## WHAT YOU WILL DO
Transcribe, word for word and without additions, each line below from the one containing "Torani Peach Real" through the one containing "Nature's Way Canada", both ends included.

※

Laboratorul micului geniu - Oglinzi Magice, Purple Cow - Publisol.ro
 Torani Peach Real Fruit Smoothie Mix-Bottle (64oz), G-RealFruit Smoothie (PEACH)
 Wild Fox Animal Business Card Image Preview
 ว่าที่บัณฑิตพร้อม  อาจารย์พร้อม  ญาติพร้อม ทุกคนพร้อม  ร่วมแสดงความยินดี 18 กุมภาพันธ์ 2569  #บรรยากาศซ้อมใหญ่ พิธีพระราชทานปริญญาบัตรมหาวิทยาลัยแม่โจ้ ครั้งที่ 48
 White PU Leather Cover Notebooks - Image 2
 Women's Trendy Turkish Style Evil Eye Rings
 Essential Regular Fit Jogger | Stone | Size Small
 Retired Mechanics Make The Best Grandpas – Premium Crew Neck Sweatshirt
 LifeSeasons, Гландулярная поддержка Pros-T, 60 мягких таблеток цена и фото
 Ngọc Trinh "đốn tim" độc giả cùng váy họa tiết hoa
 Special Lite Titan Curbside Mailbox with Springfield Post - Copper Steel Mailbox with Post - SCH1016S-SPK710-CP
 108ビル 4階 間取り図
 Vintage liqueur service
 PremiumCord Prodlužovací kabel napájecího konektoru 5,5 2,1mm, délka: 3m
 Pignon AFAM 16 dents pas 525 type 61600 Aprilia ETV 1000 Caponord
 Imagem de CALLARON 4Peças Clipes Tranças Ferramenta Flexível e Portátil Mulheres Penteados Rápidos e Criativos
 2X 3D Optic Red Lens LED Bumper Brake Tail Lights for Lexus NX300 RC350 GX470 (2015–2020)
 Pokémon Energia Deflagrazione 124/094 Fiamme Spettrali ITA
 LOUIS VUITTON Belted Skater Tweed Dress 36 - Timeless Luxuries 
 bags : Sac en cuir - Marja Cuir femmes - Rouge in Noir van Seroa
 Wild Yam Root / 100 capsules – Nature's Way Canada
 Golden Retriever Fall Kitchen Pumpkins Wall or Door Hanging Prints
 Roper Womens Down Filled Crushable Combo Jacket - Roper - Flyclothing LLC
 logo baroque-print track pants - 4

※

## ANSWER FOR THE TASK
 Torani Peach Real Fruit Smoothie Mix-Bottle (64oz), G-RealFruit Smoothie (PEACH)
 Wild Fox Animal Business Card Image Preview
 ว่าที่บัณฑิตพร้อม  อาจารย์พร้อม  ญาติพร้อม ทุกคนพร้อม  ร่วมแสดงความยินดี 18 กุมภาพันธ์ 2569  #บรรยากาศซ้อมใหญ่ พิธีพระราชทานปริญญาบัตรมหาวิทยาลัยแม่โจ้ ครั้งที่ 48
 White PU Leather Cover Notebooks - Image 2
 Women's Trendy Turkish Style Evil Eye Rings
 Essential Regular Fit Jogger | Stone | Size Small
 Retired Mechanics Make The Best Grandpas – Premium Crew Neck Sweatshirt
 LifeSeasons, Гландулярная поддержка Pros-T, 60 мягких таблеток цена и фото
 Ngọc Trinh "đốn tim" độc giả cùng váy họa tiết hoa
 Special Lite Titan Curbside Mailbox with Springfield Post - Copper Steel Mailbox with Post - SCH1016S-SPK710-CP
 108ビル 4階 間取り図
 Vintage liqueur service
 PremiumCord Prodlužovací kabel napájecího konektoru 5,5 2,1mm, délka: 3m
 Pignon AFAM 16 dents pas 525 type 61600 Aprilia ETV 1000 Caponord
 Imagem de CALLARON 4Peças Clipes Tranças Ferramenta Flexível e Portátil Mulheres Penteados Rápidos e Criativos
 2X 3D Optic Red Lens LED Bumper Brake Tail Lights for Lexus NX300 RC350 GX470 (2015–2020)
 Pokémon Energia Deflagrazione 124/094 Fiamme Spettrali ITA
 LOUIS VUITTON Belted Skater Tweed Dress 36 - Timeless Luxuries 
 bags : Sac en cuir - Marja Cuir femmes - Rouge in Noir van Seroa
 Wild Yam Root / 100 capsules – Nature's Way Canada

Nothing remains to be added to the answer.